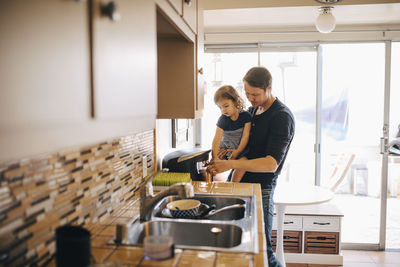 Father making coffee while carrying daughter at home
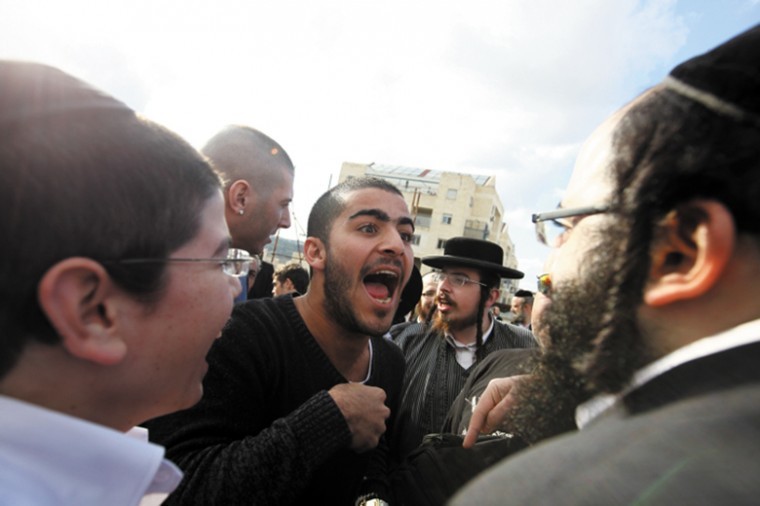 Haredi Orthodox men argue with secular Israelis in Beit Shemesh
following demands that authorities crack down on religious
extremists who want stricter gender segregation in the city, Dec.
26, 2011. Photo: Kobi Gideon / Flash90 / JTA
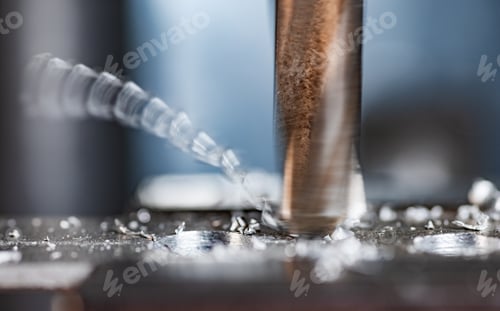 Preview: Drilling process with shavings close-up at the workplace in workshop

WORK TO BE COMPLETED: Begin at the line containing "following demands that" and restate exactly every line through the end of the material, skipping the pictures.

WRITTEN RESPONSE:
following demands that authorities crack down on religious
extremists who want stricter gender segregation in the city, Dec.
26, 2011. Photo: Kobi Gideon / Flash90 / JTA
 Preview: Drilling process with shavings close-up at the workplace in workshop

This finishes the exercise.